As we approach the tax season, we can forget to include healthcare information. If you were without insurance of any sort throughout the year, then you may owe a penalty. If you did not have any credits this year and made above the average household income your penalties might eat into your return or leave you owing money. The different types of insurance are government, employee supplied, and individual purchased healthcare plans.
Here are some things to keep in mind as you prepare your taxes.
- You may automatically have received employee healthcare with your company. Read your employee contract and discuss with a manager or human resources to see if you automatically received coverage in your offer.
- If you recently moved out of state, then you might still have coverage in the state you moved from even if you found a provider in your new state of residence.
- If you did not receive healthcare throughout the whole year but were part of the healthcare marketplace, you may also be able to avoid the penalty.
- Check other insurance policies to see if they came in a bundle with family health insurance.
- If you can prove hardship or loss of employee insurance, you may be able to get an exemption.
- Some employers will allow you to keep your health insurance up to a certain period after your position is terminated. Check to see if you had insurance over that period.

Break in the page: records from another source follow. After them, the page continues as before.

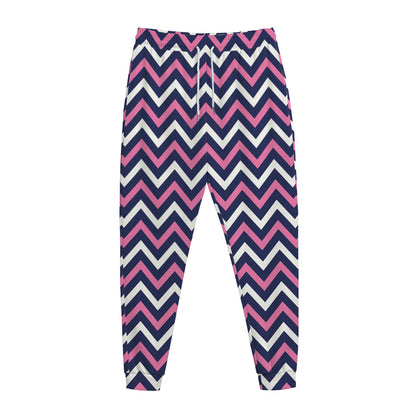 Navy Pink And White Chevron Print Jogger Pants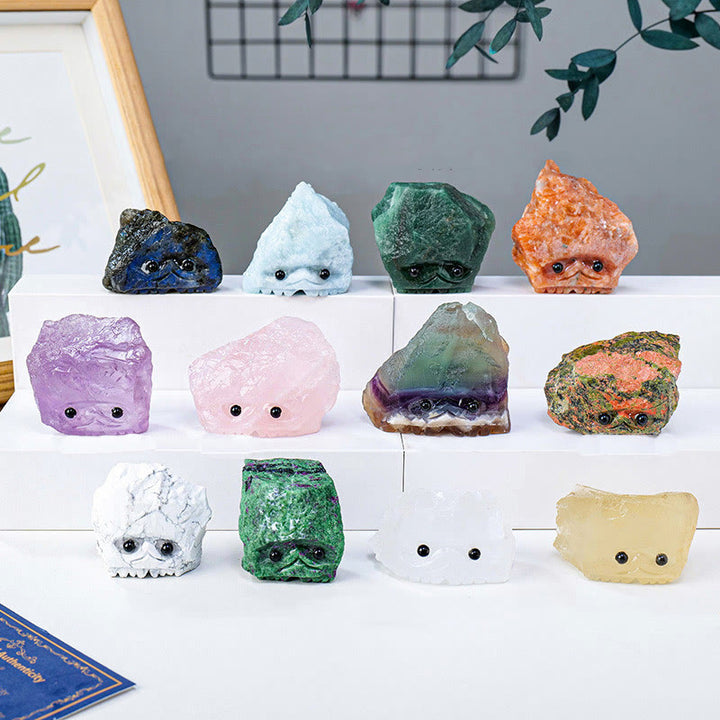 Piedras preciosas de cristal natural en bruto de Olivenorma con forma de erizo elfo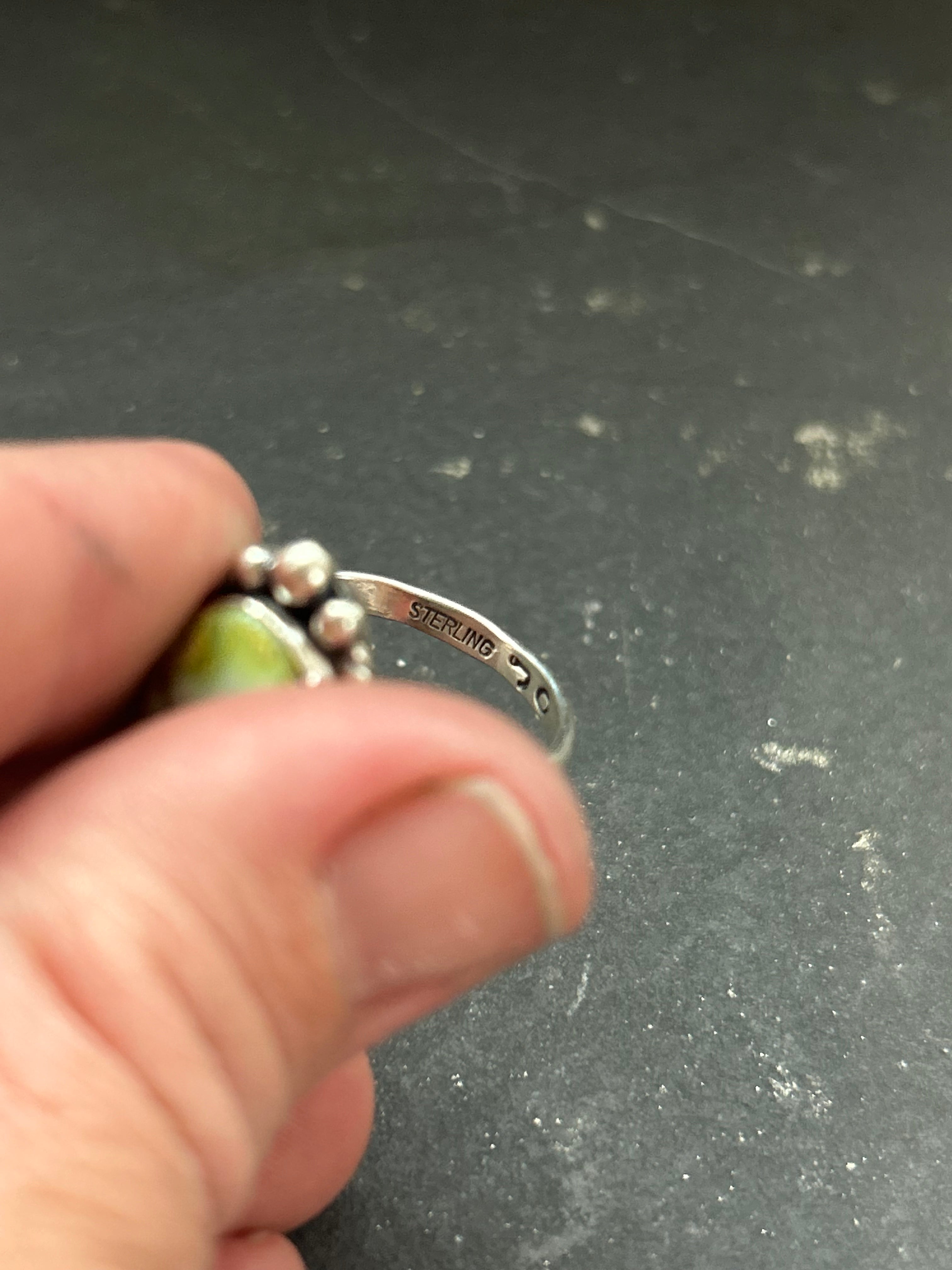 Palomino Variscite Stamped Stacking Ring Style #2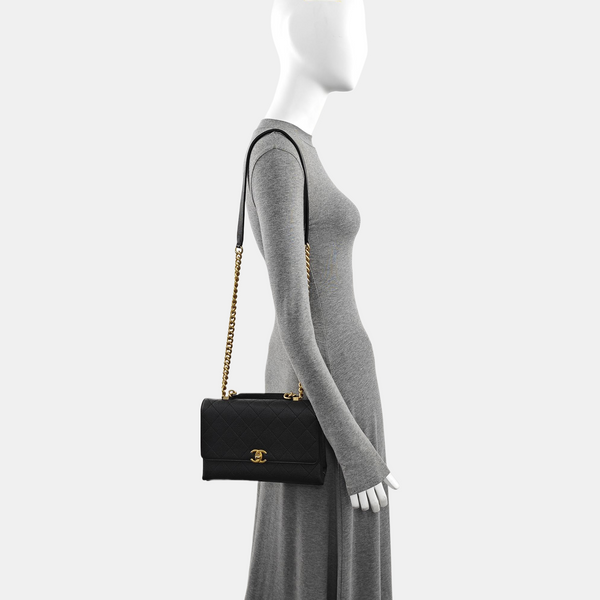 Quilted Grained Calfskin Shoulder Bag Black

Most of these concerns can be answered by a professional tax preparer or accountant. Any exemptions available can be found on irs.gov. The exemptions can change from year to year. If you are worried that you might owe a penalty. The easiest way to ensure you can avoid the penalty is to sign up for private healthcare or healthcare through an employer. If you cannot afford these options, then seek out a government agency or sign up on the healthcare marketplace. This way you at least have the option to qualify for an exemption and possibly avoid the penalties. The IRS may require you to provide proof of insurance, but most of the time all you will need is to provide your tax professional with your information.